Four layers of agent context
When you look at the tools available today, there are really four distinct layers of context that agents need:
| Layer | What it provides | Example tools |
|---|---|---|
| Code conventions | How to write code in this repo | AGENTS.md, .cursorrules |
| Session memory | What happened in prior sessions | Cline memory bank, claude-progress.txt |
| Implementation specs | What to build (feature level) | spec-kit, Kiro, SDD |
| Product truth | What the product promises — what's decided, what's uncertain, and why | Missing |
Each layer is useful. None replaces the others. But right now, most repos have layers 1-3 covered (or at least have tools for them) and layer 4 is completely absent.
That's the layer where your product decisions live — and it's the layer agents violate most often.
What product violations look like
When an agent has AGENTS.md but no product truth layer, it knows how to work but not what to protect. So it:
- Refactors billing logic and silently changes the grace period from 14 days to 30
- "Simplifies" an auth check that was handling a deliberate edge case
- Auto-fills a field that the product intentionally leaves empty for compliance reasons
- Removes a validation rule because it looks redundant — but it was load-bearing
- Infers behavior from code patterns and builds confidently on wrong assumptions
The agent isn't being careless. It's following the instructions it has. The problem is that nobody wrote down which behaviors are off-limits.

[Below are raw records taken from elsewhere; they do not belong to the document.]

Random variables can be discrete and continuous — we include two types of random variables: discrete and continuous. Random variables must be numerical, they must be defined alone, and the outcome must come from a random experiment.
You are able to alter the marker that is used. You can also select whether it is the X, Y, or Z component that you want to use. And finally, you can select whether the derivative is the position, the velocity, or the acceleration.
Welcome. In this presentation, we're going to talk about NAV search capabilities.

Product truth as a behavioral contract
The fix isn't more documentation. It's a different kind of artifact — one that captures product-level decisions in a format both humans and agents can reason about.
That's what a Product Behavior Contract (PBC) is. It's Markdown-first, machine-readable, and designed to sit alongside your existing agent context:
- What must happen — required outcomes for each behavior
- What must not happen — forbidden actions and states
- Edge cases — the exceptions that look like bugs but are deliberate
- Trust levels — which behaviors are confirmed vs. provisional vs. still being explored
A PBC doesn't replace AGENTS.md or memory banks or feature specs. It fills the specific gap those tools leave open — the product truth layer.

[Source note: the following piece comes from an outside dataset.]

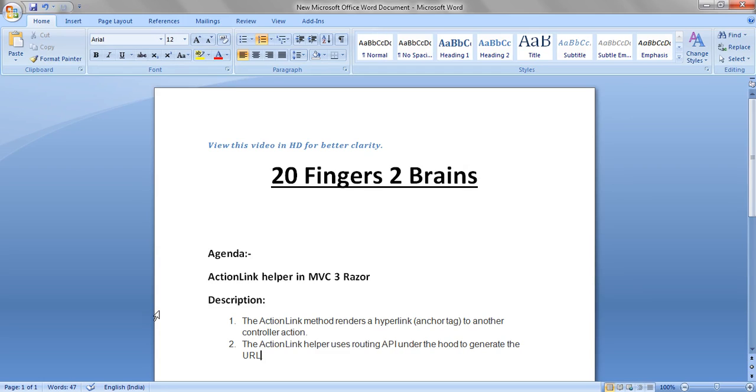Now the Action Link Helper renders a hyperlink, basically an anchor tag to another controller action. The Action Link Helper uses the routing API under the hood to generate the URL and it basically calls another action method and that action method is rendered on the UI.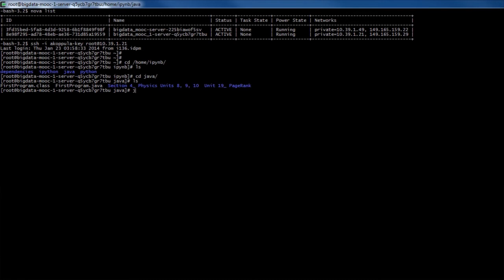For compilation, we use the command javac followed by the program name. Once this is executed successfully, it means the program is successfully compiled. In order to run the program, we use the command java followed by the class name.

When your agent can read a behavior contract that says "the 24-hour refund window is a confirmed product decision, not a temporary value," it stops treating that number as refactorable. When it sees "auth is intentionally minimal — permission model is still in exploration," it stops building assumptions on top of an undecided foundation.
Code tells you what is. Product truth tells you what should be.
The distinction matters because code is descriptive — it shows the current state. Product truth is prescriptive — it says what the product promises and where those promises are still uncertain.
An agent that only reads code will always assume the current implementation is intentional. An agent that also reads a product contract can distinguish between "this is a deliberate design decision" and "this is a temporary hack that should be replaced."
That's the difference between an agent that writes correct code and an agent that builds the right product.
The PBC spec is open source at github.com/stewie-sh/pbc-spec. You can browse example contracts in the PBC viewer.
If you're using AGENTS.md, memory banks, or spec-driven development and still finding that your agents miss the product layer — this is the artifact that's missing.